Brent Haines (JIRA) Thu, 26 Mar 2015 08:53:10 -0700

    [ 
https://issues.apache.org/jira/browse/CASSANDRA-9033?page=com.atlassian.jira.plugin.system.issuetabpanels:comment-tabpanel&focusedCommentId=14382084#comment-14382084
 ]


Brent Haines commented on CASSANDRA-9033:
-----------------------------------------

If we run 2.1.3 our cluster *will* fail. We have started with upgraded data and 
we have started with an empty key store.
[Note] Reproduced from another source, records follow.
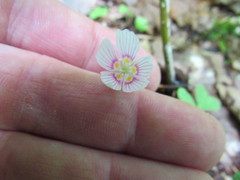 Oxalis montana image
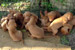 Puppies: The litter C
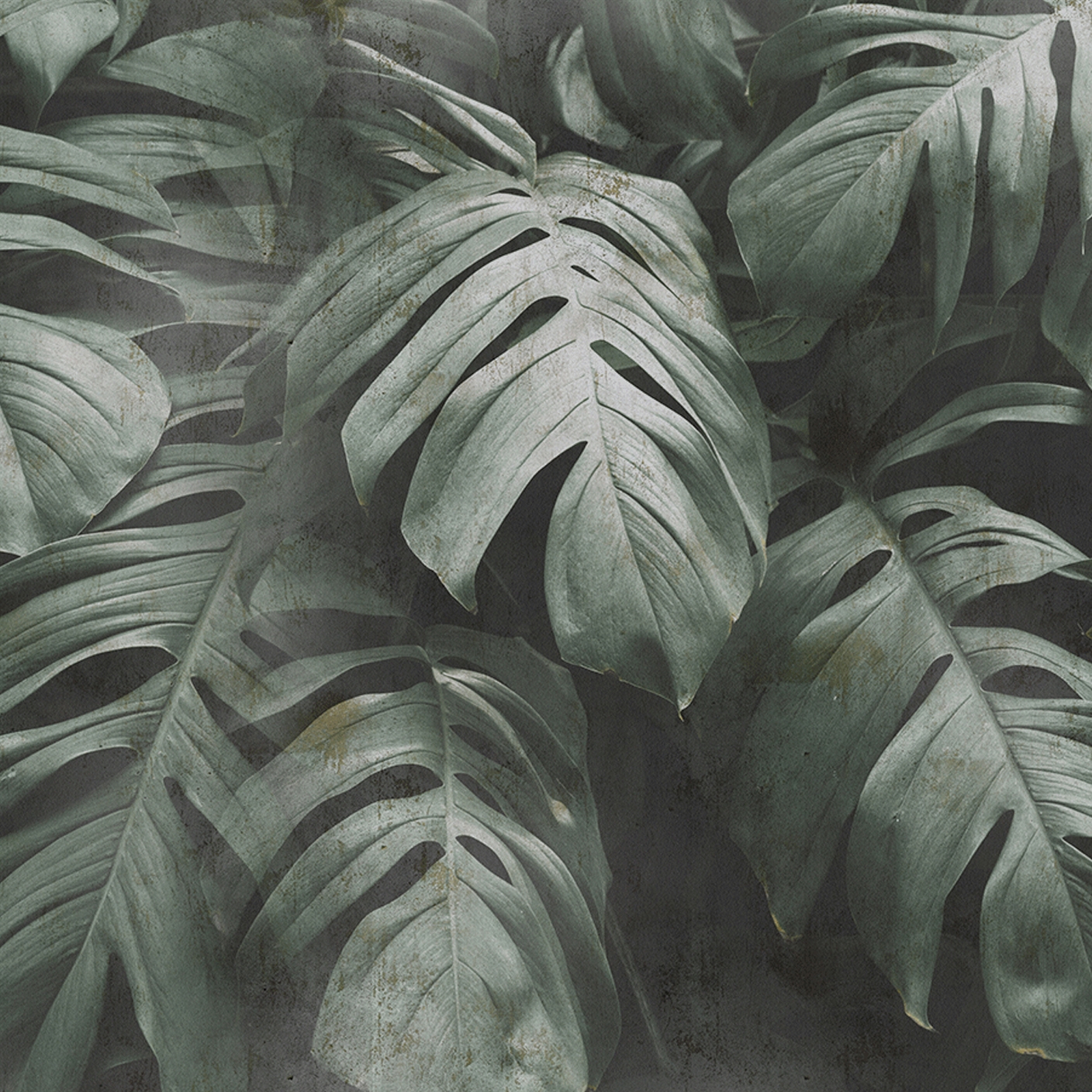 Foliage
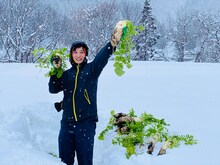 野菜を収穫するソラシド本坊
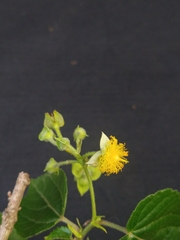 Prockia crucis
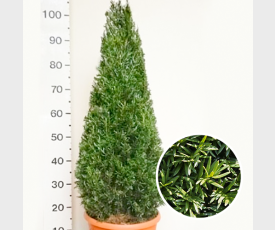 Taxus baccata Piramide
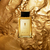 ANTONIO BANDERAS THE SECRET ABSOLU en internet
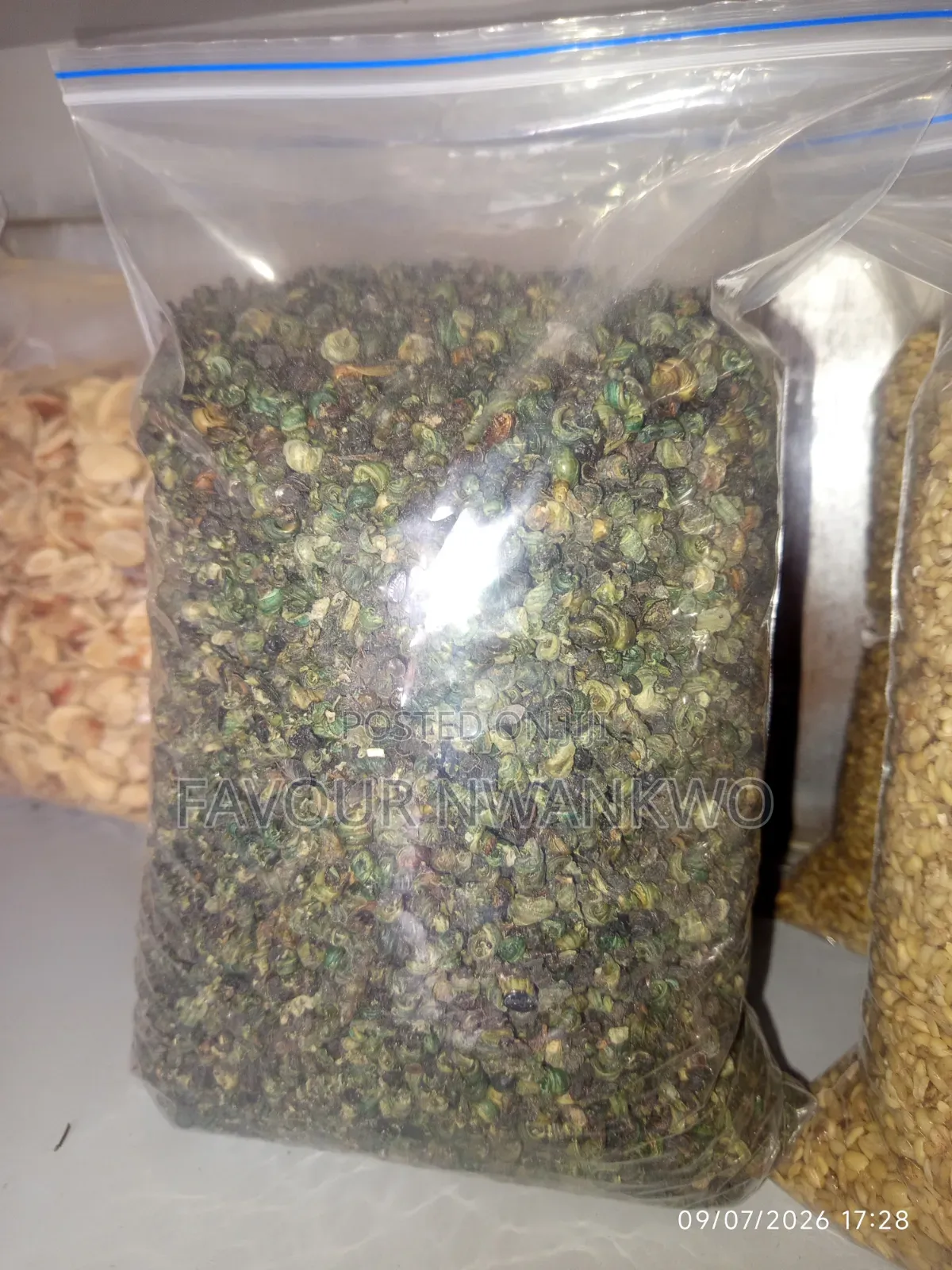 Dehydrated Periwinkles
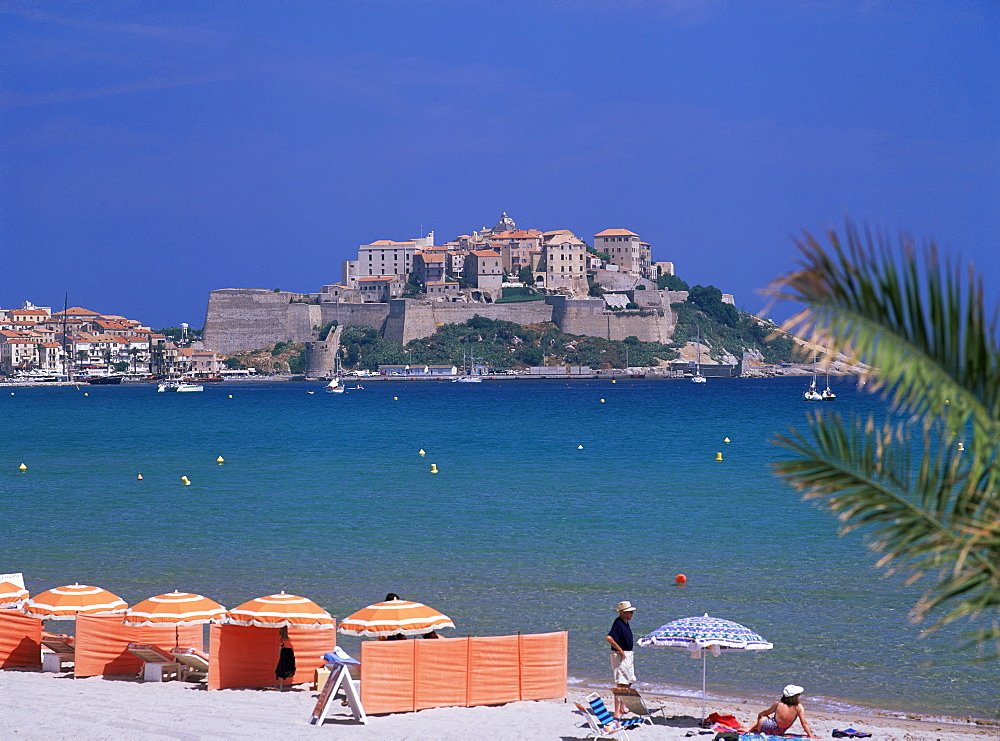 Calvi, Corsica, France, Mediterranean, Europe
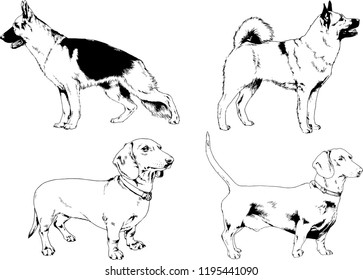 vector drawings sketches pedigree dogs in the racks drawn in ink by hand , objects with no background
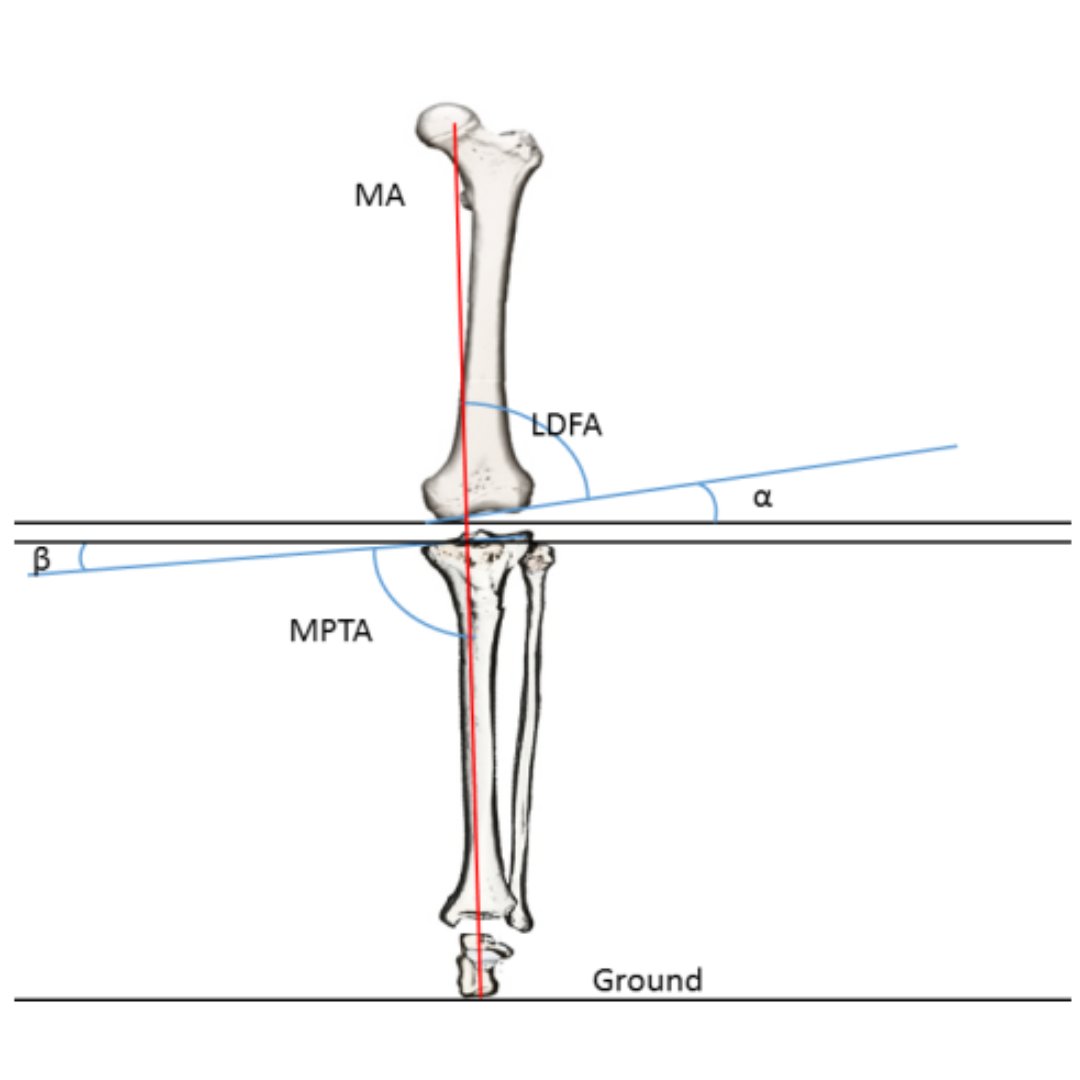 Bone & Joint Open tweet media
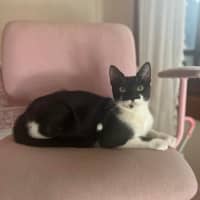 Photo of Nova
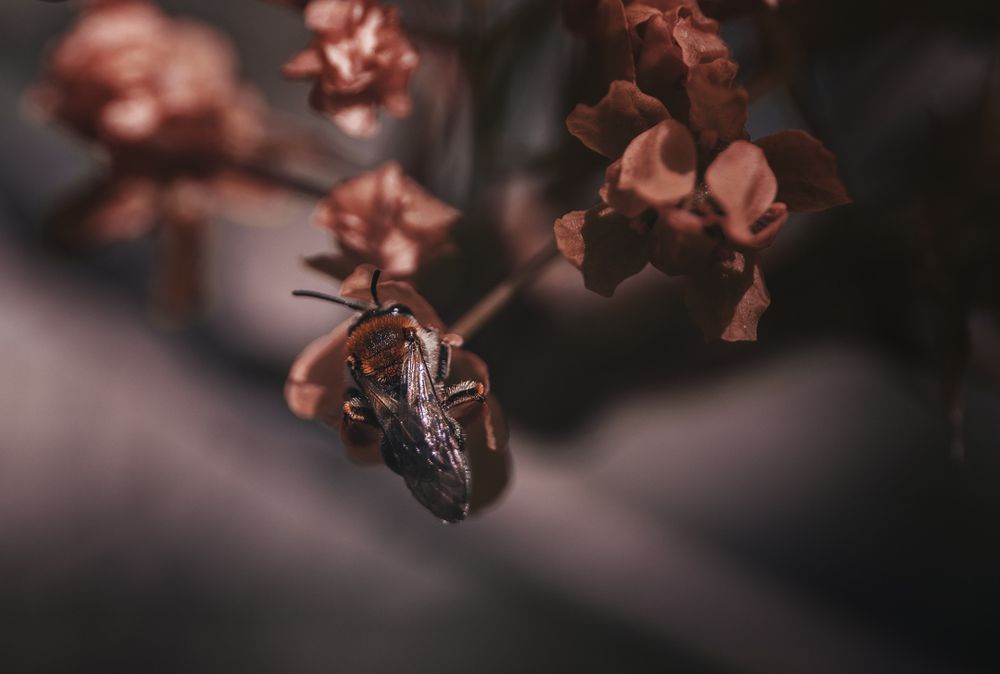 Photograph by Марина Баргетци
No matter what, the number of files 
for all of our LCS tables will grow until the machines collapse. That seems 
like a blocker to me.

* I don't have a graph of the number of files. 
* We have observed this with nodes after repair or during the day when no 
repairs have been run.
* Repair doesn't seem to actually work on 2.1.3. Downgrading back to 2.1.1 
restored the nodes' performance in every case and repair actually worked. After 
a few hours, everything was back to normal.

Some more observations -

* There are something like 50K to 147K files on the nodes for this table right 
now. C* 2.1.1 works with them. 
* There is plenty of bandwidth for compactions. No compactions are pending.
* Downgrading to 2.1.1 from 2.1.3 caused all sorts of compactions and reduced 
the number of files down to under 100K (the count was so high I couldn't count 
them before)
* Upgrading to 2.1.3 created issues immediately on some nodes, but other nodes 
performed fine until suddenly they couldn't.
* We ran into issues on this cluster after successfully upgrading to 2.1.3. 
This is all log data for our app - it is the product of many storm machines 
humming away on data and we can rebuild it (although not without cost), so the 
first time we had trouble, I just wiped the disks and started over with 2.1.3. 
Within a week we had too many files and nodes were failing.
* We never had a complete 2.1.3 cluster. We never made it through the upgrade 
before things went to shit, so it may be some interaction between 2.1.1 and 
2.1.3 (seems unlikely). 

Bottom line, if we use LCS with 2.1.3 we will fail.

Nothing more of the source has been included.